Install and initialize ValidMind for R

Published

May 26, 2026

Use the ValidMind R package to document and validate records (models) built in R. The package interfaces with the ValidMind Library through reticulate, giving you access to the full Python API from R.

Prerequisites

1 Register records in the inventory

2 Working with templates

3 Manage inventory record stakeholders

Install R

Download and install R from CRAN:

  • macOS
  • Windows
  • Linux

Install via Homebrew:

brew install r

Or download the .pkg installer from CRAN.

Download and run the installer from CRAN.

On Debian/Ubuntu:

sudo apt update
sudo apt install r-base

On Fedora/RHEL:

sudo dnf install R

Install Python dependencies

Install the ValidMind Library and rpy2 so Python can interface with R records:

pip install validmind rpy2

On macOS, if rpy2 fails to find R libraries, rebuild it from source against your installed R:

R_HOME=$(Rscript -e 'cat(R.home())') pip install --no-binary :all: --force-reinstall rpy2

Install R packages

Open R and install the required packages:

install.packages(c("reticulate", "dplyr", "caTools", "knitr", "glue", "plotly", "htmltools", "rmarkdown", "DT", "base64enc"))

Install the ValidMind R package

  • From CRAN
  • From GitHub
  • From source
install.packages("validmind")
devtools::install_github("validmind/validmind-library", subdir="r/validmind")

Clone the repository and run from the r/validmind directory:

devtools::install()

Initialize ValidMind

Connect to your ValidMind profile by providing your credentials. Point python_version to your Python binary — for example, the one in your project's .venv:

vm_r <- vm(
  api_key = "YOUR_API_KEY",
  api_secret = "YOUR_API_SECRET",
  model = "YOUR_MODEL_ID",
  python_version = "path/to/python",
  api_host = "https://API_HOST.validmind.ai/api/v1/tracking",
  document = "documentation"
)

The document parameter specifies which document type to associate with the session:

  • "documentation" — For development
  • "validation-report" — For validation

Key APIs

Since the R package returns the full Python validmind module, you can call any Python API directly via reticulate:

# Preview the documentation template
vm_r$preview_template()

# Initialize datasets
vm_dataset <- vm_r$init_dataset(
  dataset = df,
  input_id = "my_dataset",
  target_column = "target"
)

# Initialize R models
model_path <- save_model(model)
vm_model <- vm_r$init_r_model(model_path = model_path, input_id = "model")

# Assign predictions
vm_dataset$assign_predictions(model = vm_model)

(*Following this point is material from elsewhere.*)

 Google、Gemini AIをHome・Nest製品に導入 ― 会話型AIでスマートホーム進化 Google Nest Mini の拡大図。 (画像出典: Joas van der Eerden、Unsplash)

# Run the full documentation test suite
vm_r$run_documentation_tests(config = test_config)

# Run individual tests
vm_r$tests$run_test(
  "validmind.data_validation.ClassImbalance",
  inputs = list(dataset = vm_dataset)
)$log()

# List available tests
vm_r$tests$list_tests(tags = list("data_quality"), task = "classification")
vm_r$tests$list_tasks_and_tags()

Troubleshooting

  • libc++ not found on macOS
  • Numba circular import error

When calling vm() you may see an error like:

OSError: dlopen(...libllvmlite.dylib...): Library not loaded: @rpath/libc++.1.dylib

This typically means the libc++ library is installed but R cannot find it. Create a symlink:

# Find the path to libc++.1.dylib
sudo find / -name "libc++.1.dylib" 2>/dev/null

# Create a symlink (adjust the source path based on the find result)
sudo ln -s /opt/homebrew/Cellar/llvm/.../libc++.1.dylib /Library/Frameworks/R.framework/Resources/lib/libc++.1.dylib

If you see:

ImportError: cannot import name 'NumbaTypeError' from partially initialized module 'numba.core.errors'

Reinstall Numba and restart the R session:

pip install -U numba

What's next

Quickstart for documentation

End-to-end documentation workflow in R: load data, preprocess, train a GLM model, and run the full documentation test suite.

Quickstart for validation

End-to-end validation workflow in R: load data, run data quality tests, train a champion GLM model, and run model evaluation tests.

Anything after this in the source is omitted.